## How to complete this task
For the data below, give again exactly the lines from the one containing "Chef Master 90009" through the one containing "Corrosion - Chemistry", both ends included, and no others.

## Records shown
-=-=-=-=-

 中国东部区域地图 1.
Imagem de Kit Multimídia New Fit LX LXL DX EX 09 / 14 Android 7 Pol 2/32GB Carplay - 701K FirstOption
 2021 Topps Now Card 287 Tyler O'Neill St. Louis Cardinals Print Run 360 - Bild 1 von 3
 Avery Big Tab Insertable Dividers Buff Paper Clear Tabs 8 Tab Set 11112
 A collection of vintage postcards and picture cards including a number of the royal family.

-=-=-=-=-

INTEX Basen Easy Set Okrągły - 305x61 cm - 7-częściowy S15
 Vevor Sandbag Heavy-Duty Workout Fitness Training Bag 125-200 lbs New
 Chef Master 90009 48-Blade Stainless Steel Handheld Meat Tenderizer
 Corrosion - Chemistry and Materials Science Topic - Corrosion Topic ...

-=-=-=-=-

## Answer to this problem
 Chef Master 90009 48-Blade Stainless Steel Handheld Meat Tenderizer
 Corrosion - Chemistry and Materials Science Topic - Corrosion Topic ...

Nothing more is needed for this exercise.